When the Lakers traded Shaq, they went from a championship team to a border-line playoff team. They _might _get worse if Kobe gets moved, but they'd go from a team that can't get out of the first round, to maybe a team that can't get in the first round. Not as far as a fall from "grace".


----------



## PauloCatarino (May 31, 2003)

Causeway said:


> When the Lakers traded Shaq, they went from a championship team to a border-line playoff team. They _might _get worse if Kobe gets moved, but they'd go from a team that can't get out of the first round, to maybe a team that can't get in the first round. Not as far as a fall from "grace".


3 years removed from the trade, will Shaq (paying with a siperior cast than the Lakers' of his day) ever play on the Finals again?


----------



## Causeway (May 18, 2005)

PauloCatarino said:


> 3 years removed from the trade, will Shaq (paying with a siperior cast than the Lakers' of his day) ever play on the Finals again?



Who knows. He did already win a title with the Heat. But what does that have to do with the topic?


----------



## PauloCatarino (May 31, 2003)

Causeway said:


> Who knows. He did already win a title with the Heat. But what does that have to do with the topic?


You are right. I misdirected my response.

Still, it wasn't the loss of Shaq that made the Lakers from a championship team to a border-line playoff team. It was the loss of Shaq AND Karl Malone AND (to a lesses extente) Gary Payton AND the inability to reshuffle that did it.

Back to the topic:

Obviously, trading Kobe would be a major error. First, you just don't trade arguably the best player in basketball. Second, if you do so, you certainly won't get equal value in return. If Kobe forced the issue, it would be even worse, it would be Shaquille all over again: teams waiting along to see how desperate the Lakers' brass would be to make something happen instead of risking playing a disgruntled Kobe.

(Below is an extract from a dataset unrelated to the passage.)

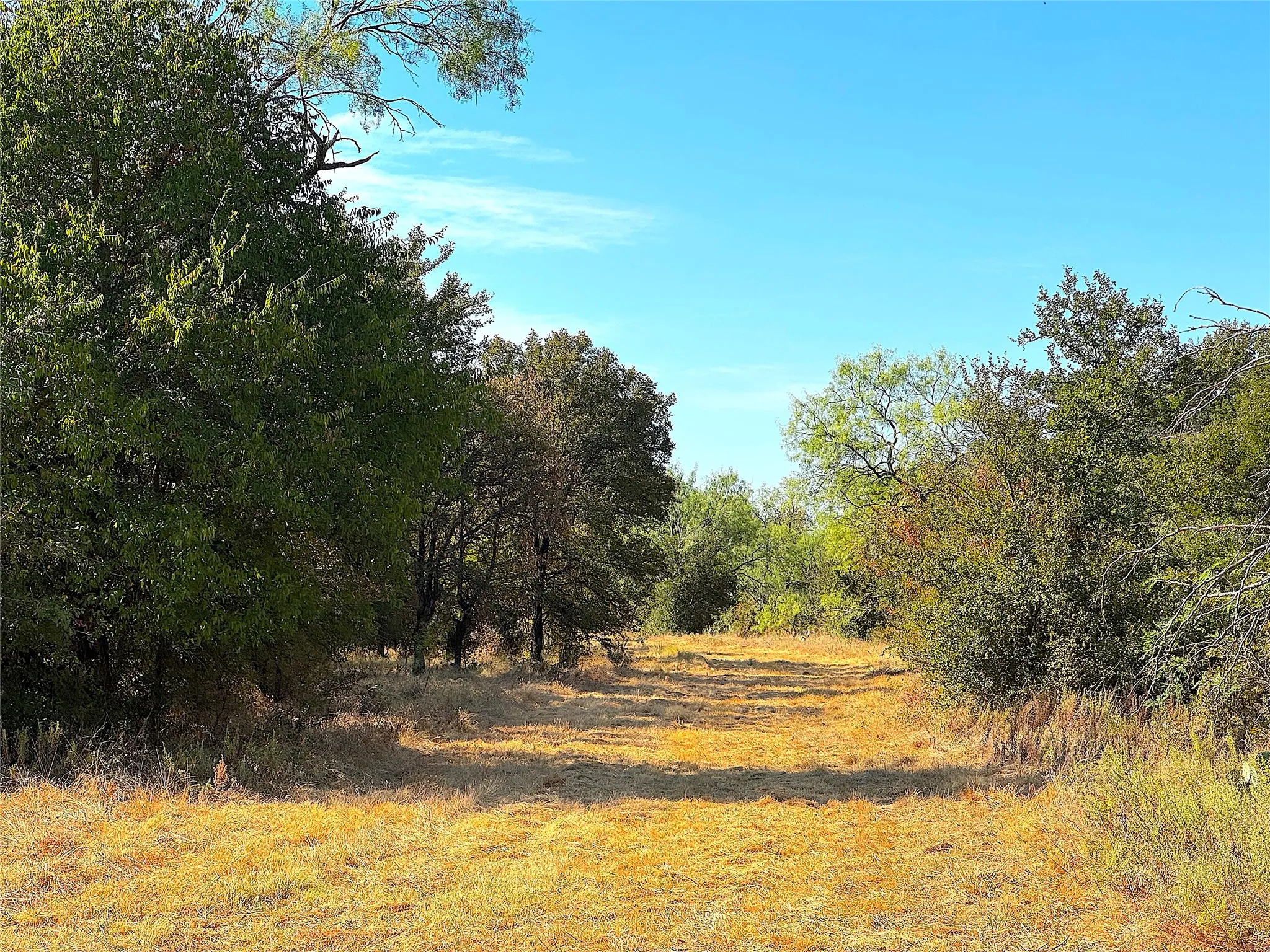 Improved Land For Sale in Jack County , 438 Oak View Lane, Jacksboro, Texas 76458, 0, 0, Garage spaces, 0 Sqft, built in 0, mls#21379831, Real Estate Agent in Jacksboro, Homes For Sale in Jack county, Homes For Sale in Jacksboro, Realtor in Jacksboro Texas, Real Estate Brokerage Independent Realty Texas, Luminita Cordes Realtor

As far as i'm concerned, this is an non-issue. Kobe won't jump ship. And the Lakers don't need a major overhaul in the roster, They just need to find a way to get Elton Brand.


----------



## Piolo_Pascual (Sep 13, 2006)

chicago has the most attractive offer. 

kirk, luol deng + ben wallace

ben gordon,thabo,tyrus + 1st rd pick

nocioni, gordon or kirk, luol deng


any of these packages along with probably luke, lamar odom, andrew bynum, farmar, turiaf, radmanovic (give or take one of these players may be packaged with kobe) _*can definitely put the lakers in a much, much better position.*_

if you dont think so, then you're definitely a kobe homer.


----------



## Piolo_Pascual (Sep 13, 2006)

PauloCatarino said:


> You are right. I misdirected my response.
> 
> Still, it wasn't the loss of Shaq that made the Lakers from a championship team to a border-line playoff team. It was the loss of Shaq AND Karl Malone AND (to a lesses extente) Gary Payton AND the inability to reshuffle that did it.



LOL


it wasnt the loss of shaq that made the lakers from a championship team to a border line playoff team?:lol: 


dude the very next season, shaq was still a monster, he was considered by many to be that years MVP (went to nash) and you're telling me that shaq wasnt the reason la became a borderline playoff team?


gary payton and karl malone was the difference you say?:lol: payton was playing on his very last dead legs the past 3 years and malone, i mean c'mon now, MALONE and Kobe are not a championship calibre duo.


----------



## Piolo_Pascual (Sep 13, 2006)

Basel57 said:


> Trading Kobe Bean Bryant would be the stupidest thing the Los Angeles Lakers could do.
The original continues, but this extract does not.